这是为什么?在其他类型中,由于对lookbehinds的限制很严格,所以我不会感到惊讶,但是.NET通常在lookbehinds内部支持任意复杂的模式。
简短的版本:后面的注释从右到左匹配。这意味着当正则表达式引擎遇到 \1
时,它并没有尚未将任何东西捕获到该组中,因此正则表达式始终会失败。解决方案非常简单:
(?< = \1(。))。
不幸的是,全文一旦开始使用更复杂的模式,就会变得更加微妙。所以这里是...
阅读.NET中正则表达式的指南
首先,一些重要的确认。教我让后视从右到左匹配(并通过大量实验自己弄清楚)的人是。不幸的是,我当时提出的问题是一个非常复杂的例子,对于这样一个简单的问题并没有很好的参考意义。因此,我们认为制作一个新的和更规范的帖子以供将来参考并作为合适的欺骗对象是有意义的。但是请考虑给予Kobi否决权,以弄清.NET的正则表达式引擎的一个非常重要的方面,该方面实际上是没有记载的(据我所知,MSDN在单句中提到了它)。
请注意,会以不同的方式解释.NET外观的内部工作原理(在反转字符串,正则表达式和任何潜在的捕获方面)。尽管这不会对比赛结果产生影响,但我发现这种方法很难推理,并且可以很明显地看出,这不是该实现实际执行的操作。

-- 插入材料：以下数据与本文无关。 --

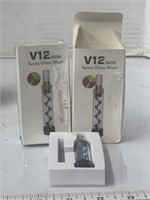 V12 Mini Twisty Glass Blunts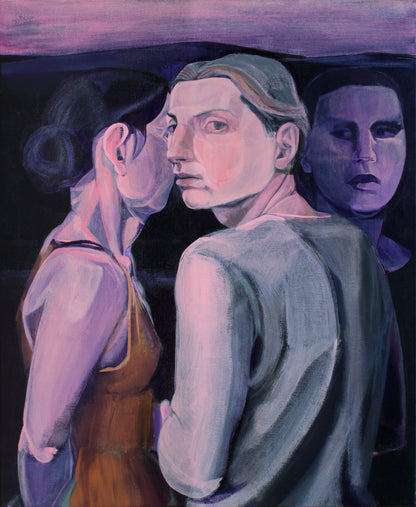 daniele steardo - Bivio, au loin, 2013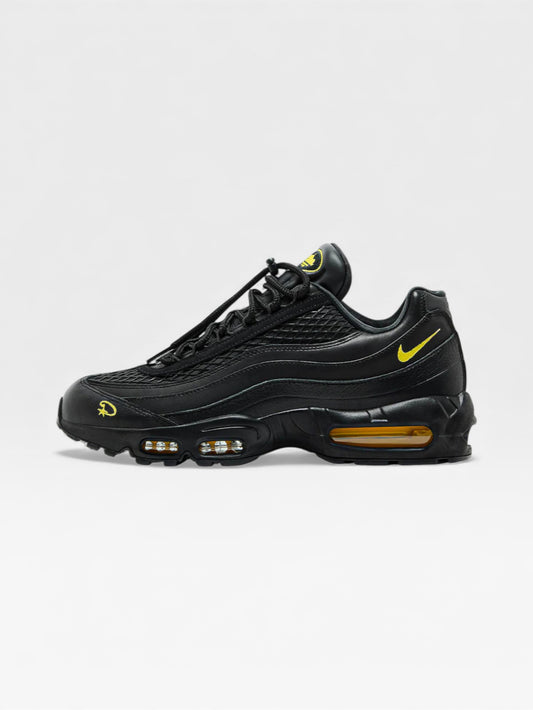 Nike Air Max 95 Corteiz Honey Black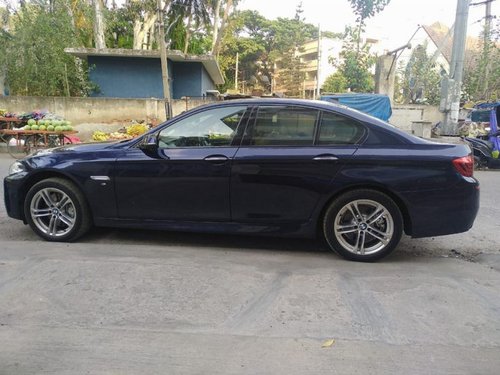 2015 BMW 5 Series for sale at low price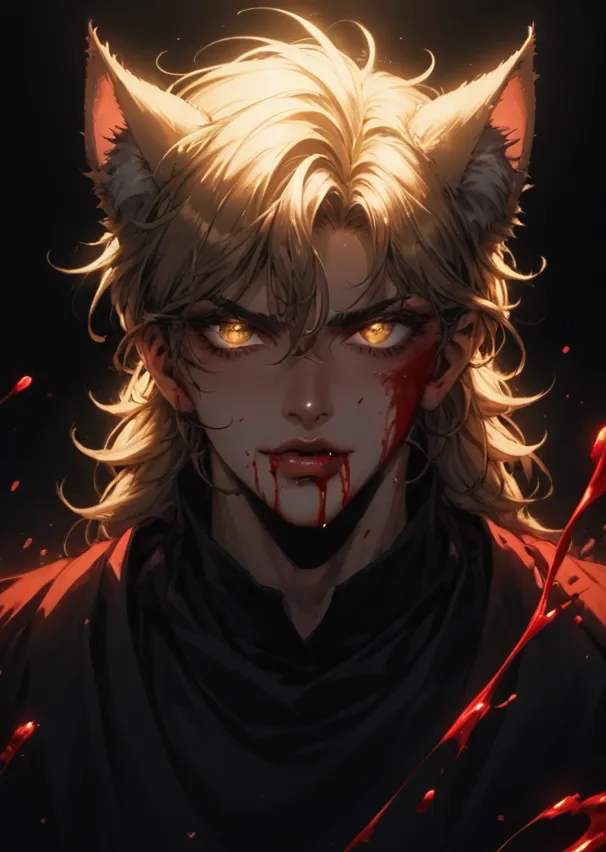 Avatar of Kane | Serial Killer Dog Boy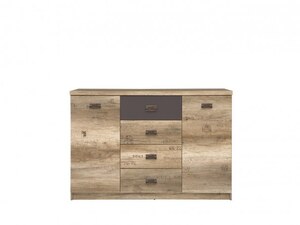 Komoda MALCOLM KOM2D4S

所以。第一个问题是,为什么它实际上比上面的黑体字更微妙。让我们尝试使用不区分大小写的局部修饰符匹配以 a
或 A
开头的字符。给定从右到左的匹配行为,可能会希望它起作用:
(?< = a(?i ))。
不过,,这似乎根本没有使用修饰符。确实,如果我们将修饰符放在前面:
(?< =(?i)a)。
。
另一个示例,考虑到从右到左的匹配,这可能会令人惊讶:
(?< = \2(。)(。))。
\2
是指左或右捕获组?它指的是正确的。
最后一个示例:与 abc
,是否捕获了 b
或 ab
?
(?< =(b | a。))c
(您可以在表格选项卡上看到捕获的内容。)再次,从右到左应用后视不是全部内容。
因此,由于我不知道任何这样的资源,因此本文章试图全面地介绍有关.NET中正则表达式的方向性。在.NET中读取复杂正则表达式的技巧是通过三遍或四遍完成。除了最后一遍,其他所有内容都是从左到右,而不管后面是什么还是 RegexOptions.RightToLeft
。我相信是这样,因为.NET在解析和编译正则表达式时会处理这些。
首遍:内联修饰符
基本上这是上面的示例所示。如果您在正则表达式中的任何地方,都有以下代码段:
... a(b(?i)c)d。 。
无论模式中的哪个位置或是否使用RTL选项, c
不区分大小写,而 a
, b
和 d
不会(只要它们不受其他某些前置或全局修饰符的影响)。这可能是最简单的规则。
第二遍:组号[未命名的组]
对于此遍,您应该完全忽略模式中的任何命名组,即(?< a> ...)
形式的组。请注意,这不包括带有显式数字的组,例如(?< 2&...;)
(在.NET中是这样)。
捕获组从左到右编号。正则表达式有多复杂,无论您使用的是RTL选项,还是是否嵌套了数十个先行和后退都无所谓。当您仅使用未命名的捕获组时,它们会根据其左括号的位置从左到右编号。示例:
(a)(?< =(b)(?=(。))。((c) 。(d)))(e)
└1┘└2┘└3┘│└5┘┘6┘│└7┘
└───4───┘
在将未标记的组与显式编号的组混合使用时,这会变得有些棘手。您仍然应该从左到右阅读所有这些内容,但是规则有些棘手。您可以按以下方式确定组的数量:
- 如果该组具有明确的数字,则其数量显然是(仅)号。请注意,这可能会向现有的组号添加其他捕获,也可能会创建新的组号。另请注意,当您提供明确的组号时,它们不必是连续的。
(?< 1>。)(?< 5>。)
是组号为2
到4
未使用。 - 如果该组未标记,它将采用第一个未使用的数字。由于我刚才提到的差距,这个数字可能小于已经使用的最大数字。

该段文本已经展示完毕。